It Doesn't End With the Internet
Amalia Anderson on old-fashioned organizing
"I think Internet organizing and online outreach is a mixed bag," says Anderson, the 30-year-old Guatemalan-born, Minnesota-raised activist who worked to increase political participation as organizing director for Latino voters with National Voice during the 2004 election. She now works for the League of Rural Voters, where she continues to focus on building civic involvement in Latino communities via on- and off-line activism.
"On the one hand, the speed at which people can communicate, share information and resources is astounding," she continues. "On the other hand, there is a great deal about Internet organizing and online outreach that remains detached and impersonal. There will never be, in my opinion, a substitute for 'real-time,' in-person, face-to-face relationship building."
What about communities that rely heavily on oral tradition? And what if you can't even afford dial-up? It's not exactly Jim Crow territory, but issues of discrimination could arise if overreliability on the Internet gets too high. Turning a critical eye toward the complications of power and accessibility might be the first step toward improving online grassroots efforts.

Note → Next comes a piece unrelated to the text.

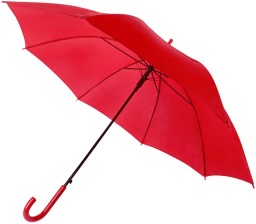 Зонт-трость Stenly Promo - Красный PP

"There are huge power dynamics at play that are rarely if ever mentioned when it comes to Internet organizing," says Anderson, who believes that organizing especially by "low-income communities, communities of color, and/or start-up organizations" is born from a need to survive. "The Internet has really become yet another system. It does not exist in a vacuum and is vulnerable to all the forms of oppression that other systems manufacture and enforce. ... To truly use the Internet in promoting and protecting democracy would mean that it was used in a way that was accountable to the community and in culturally appropriate ways."